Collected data
Content starts
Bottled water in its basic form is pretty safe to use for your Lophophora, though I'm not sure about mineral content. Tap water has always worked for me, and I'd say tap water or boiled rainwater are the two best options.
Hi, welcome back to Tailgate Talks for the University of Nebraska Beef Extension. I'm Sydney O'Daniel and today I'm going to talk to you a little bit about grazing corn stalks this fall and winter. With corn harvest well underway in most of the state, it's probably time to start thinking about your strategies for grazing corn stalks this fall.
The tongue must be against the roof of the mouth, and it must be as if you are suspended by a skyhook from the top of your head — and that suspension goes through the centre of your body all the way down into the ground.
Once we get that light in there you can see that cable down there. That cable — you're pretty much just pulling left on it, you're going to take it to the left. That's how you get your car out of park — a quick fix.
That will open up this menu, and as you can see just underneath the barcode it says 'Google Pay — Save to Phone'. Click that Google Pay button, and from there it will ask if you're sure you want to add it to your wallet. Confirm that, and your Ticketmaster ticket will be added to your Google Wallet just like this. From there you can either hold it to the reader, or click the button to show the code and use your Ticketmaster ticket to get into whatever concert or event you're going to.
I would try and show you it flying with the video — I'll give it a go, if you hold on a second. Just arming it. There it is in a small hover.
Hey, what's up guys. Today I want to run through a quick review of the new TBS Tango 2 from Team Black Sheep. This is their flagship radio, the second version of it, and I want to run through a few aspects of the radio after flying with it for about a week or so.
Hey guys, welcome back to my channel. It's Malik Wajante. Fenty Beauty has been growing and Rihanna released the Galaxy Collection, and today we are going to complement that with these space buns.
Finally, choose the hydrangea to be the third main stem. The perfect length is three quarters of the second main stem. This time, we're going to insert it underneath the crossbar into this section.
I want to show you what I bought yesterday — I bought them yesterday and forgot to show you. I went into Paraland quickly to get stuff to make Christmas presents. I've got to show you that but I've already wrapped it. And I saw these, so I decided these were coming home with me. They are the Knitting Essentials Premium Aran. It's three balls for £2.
Content ends
- **WHAT YOU SHOULD DO**
From the entries above, return exactly the line containing "Hi, welcome back", the line containing "Finally, choose the", and all lines between, and nothing else.

- **RESPONSE TO THIS TASK**
Hi, welcome back to Tailgate Talks for the University of Nebraska Beef Extension. I'm Sydney O'Daniel and today I'm going to talk to you a little bit about grazing corn stalks this fall and winter. With corn harvest well underway in most of the state, it's probably time to start thinking about your strategies for grazing corn stalks this fall.
The tongue must be against the roof of the mouth, and it must be as if you are suspended by a skyhook from the top of your head — and that suspension goes through the centre of your body all the way down into the ground.
Once we get that light in there you can see that cable down there. That cable — you're pretty much just pulling left on it, you're going to take it to the left. That's how you get your car out of park — a quick fix.
That will open up this menu, and as you can see just underneath the barcode it says 'Google Pay — Save to Phone'. Click that Google Pay button, and from there it will ask if you're sure you want to add it to your wallet. Confirm that, and your Ticketmaster ticket will be added to your Google Wallet just like this. From there you can either hold it to the reader, or click the button to show the code and use your Ticketmaster ticket to get into whatever concert or event you're going to.
I would try and show you it flying with the video — I'll give it a go, if you hold on a second. Just arming it. There it is in a small hover.
Hey, what's up guys. Today I want to run through a quick review of the new TBS Tango 2 from Team Black Sheep. This is their flagship radio, the second version of it, and I want to run through a few aspects of the radio after flying with it for about a week or so.
Hey guys, welcome back to my channel. It's Malik Wajante. Fenty Beauty has been growing and Rihanna released the Galaxy Collection, and today we are going to complement that with these space buns.
Finally, choose the hydrangea to be the third main stem. The perfect length is three quarters of the second main stem. This time, we're going to insert it underneath the crossbar into this section.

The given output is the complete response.